Sunday, May 16, 2021

Apostles are Never Caught Surprised

The birettas of dead cardinals. We move the Christmas tree outside, leave it where both shade and sun will find it, and carefully tend it that it might serve us another year. 

Here where there are no bluets.

Here where the righteous are bound up in planning, here where apostles are never caught surprised. 

Spring starlight, shivering in darkness a little after three a.m., the river a softness off to my right. Word by word, poem by poem, relationship by relationship. It's like we are hellbent on finding a way to keep things going.

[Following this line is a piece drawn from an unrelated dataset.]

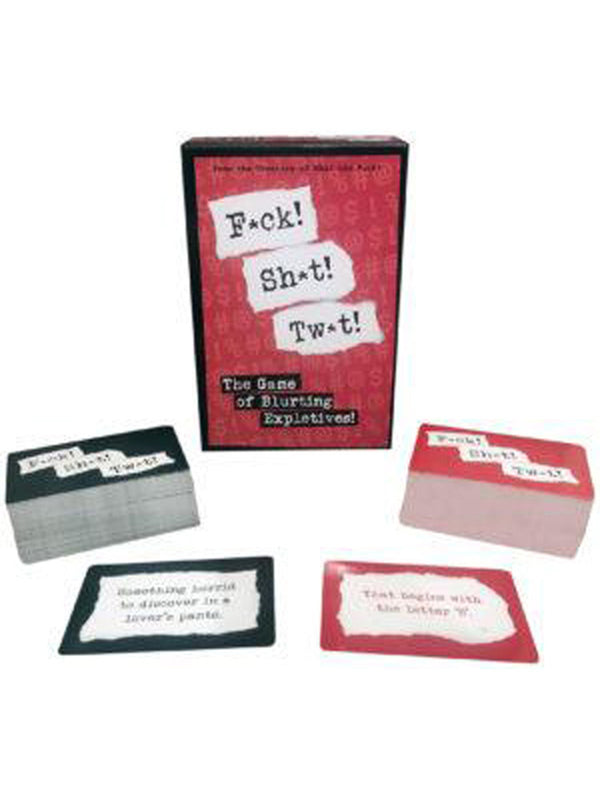 F-CK! SH-T! TW-T! Card Game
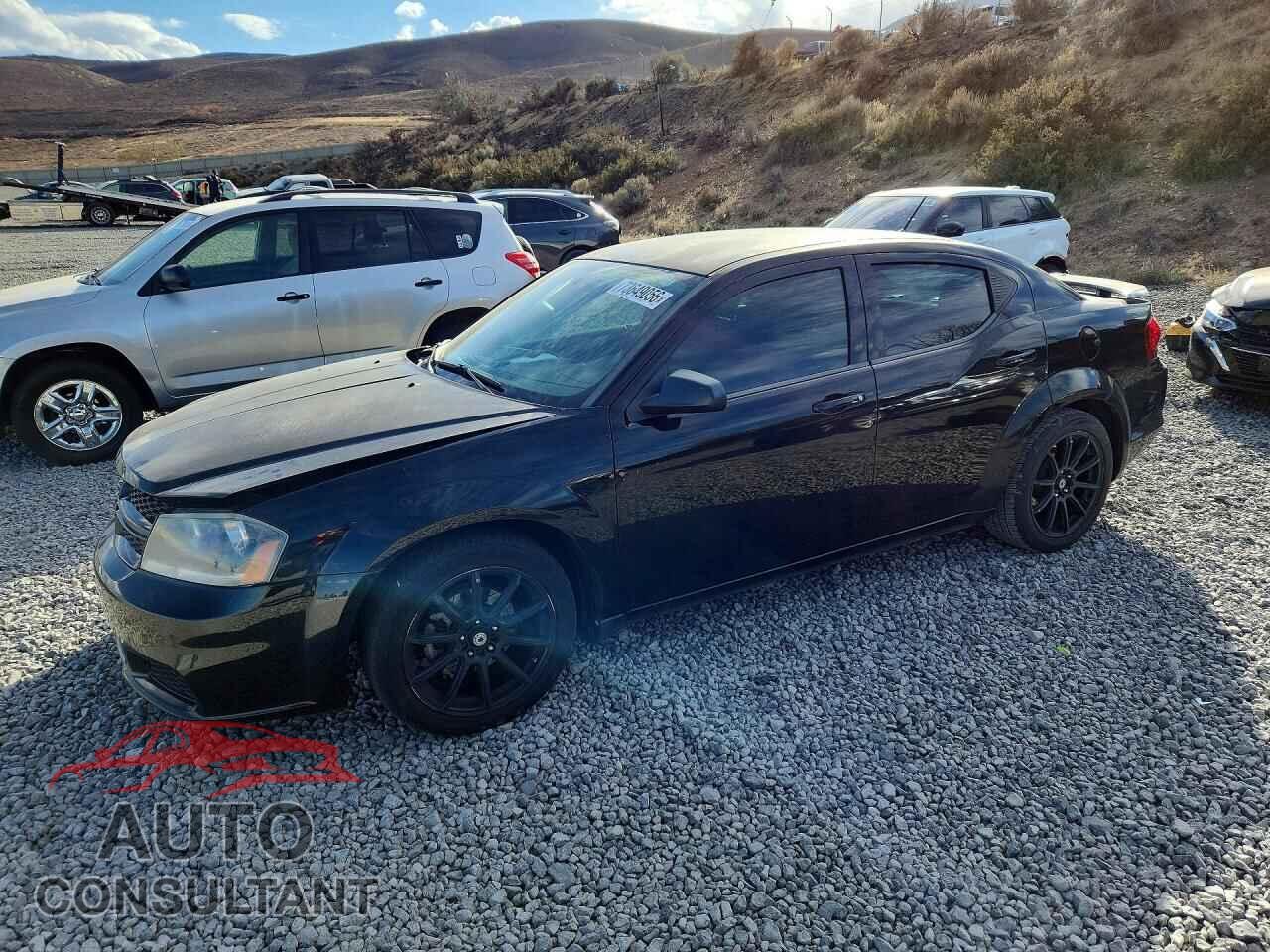 DODGE AVENGER 2013 - 1C3CDZAG3DN769588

I have three chess sets, including my late father's, and I don't even like chess! Chickens visit from three houses over, nestle under the front porch, lay eggs, and move on. I fill in groundhog holes, level the earth, but toss no grass seed, preferring to let the wind and rain bear what living gifts they will bear.

We walk together along the river, watching ducks float in the shallows. At dusk you know yourself in a way that's close to how the Holy Spirit knows you. Pink blossoms on the apple trees out back, a desire to give her head beneath them.

Those who miss the confidence - which arises in the earned clarity - of Thérèse, including that dumb fuck Thomas Merton.

After a while it stops mattering what you know or what you do and you just float - neither living nor dying - through the cosmos like a happy neutrino, a neutral angel. Trees bending in hard winds like the rest of us. Somebody didn't read their Plato!

Oh let me be a sunbeam, a sunflower, a chickadee, a smooth stone in the river, oh let me be that which knows the sunbeam, the sunflower, the chickadee, the smooth stone in the - oh right - that's what I already am, thanks Jesus!

Fixing the plumbing, planting potatoes, walking after dinner, driving together to the food pantry to help fill shelves, sometimes going to church and sometimes not, waking up when it rains to check on the horses, praying on a child's rosary, making coffee, forgiving my dead father, replanting strawberry plants, dressing for funerals, remembering dead dogs and horses, et cetera.   

This is how I understand love, this is how I pray.